The over-prescription of antibiotics for treatment of infections is primarily to blame for the increase in bacterial resistance. Added to the problem is the slow rate at which novel antibiotics are discovered and the many processes that need to be followed to classify antimicrobials safe for medical use. Xenorhabdus spp. of the family Enterobacteriaceae, mutualistically associated with entomopathogenic nematodes of the genus Steinernema, produce a variety of antibacterial peptides, including bacteriocins, depsipeptides, xenocoumacins and PAX (peptide antimicrobial-Xenorhabdus) peptides, plus additional secondary metabolites with antibacterial and antifungal activity. The secondary metabolites of some strains are active against protozoa and a few have anti-carcinogenic properties. It is thus not surprising that nematodes invaded by a single strain of a Xenorhabdus species are not infected by other microorganisms. In this review, the antimicrobial compounds produced by Xenorhabdus spp. are listed and the gene clusters involved in synthesis of these secondary metabolites are discussed. We also review growth conditions required for increased production of antimicrobial compounds.

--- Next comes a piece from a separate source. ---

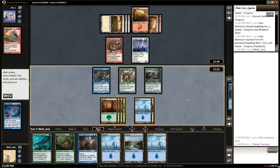Each new game or match on Magic Online opens in its own window called the Duel Scene. The battlefield, where creatures and other permanents go after they're cast, is in the center of the window.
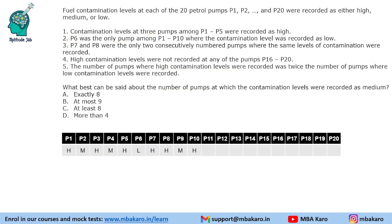The next question asks what best can be said about the number of pumps at which the contamination level was recorded as medium. We already calculated there are exactly 8 pumps with medium contamination level.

抗生素过量用于治疗感染主要是因为细菌耐药性的增加。问题还出在，发现新抗生素的速度缓慢，并且需要遵循许多过程来对可安全用于医疗用途的抗生素进行分类。Xenorhabdus spp。肠杆菌科的线虫与Steinernema属的致病性线虫相互关联，可产生多种抗菌肽，包括细菌素，大肠埃希菌肽，异种香豆素和PAX（抗菌肽Xenorhabdus））肽，以及具有抗菌和抗真菌活性的其他次生代谢产物。一些菌株的次生代谢产物对原生动物具有活性，而少数具有抗癌性。因此，由Xenorhabdus单一菌株入侵的线虫没有被其他微生物感染就不足为奇了。在本综述中，Xenorhabdus spp生产的抗菌化合物。列出了这些次级代谢产物的合成所涉及的基因簇。我们还审查了增加抗菌化合物生产所需的生长条件。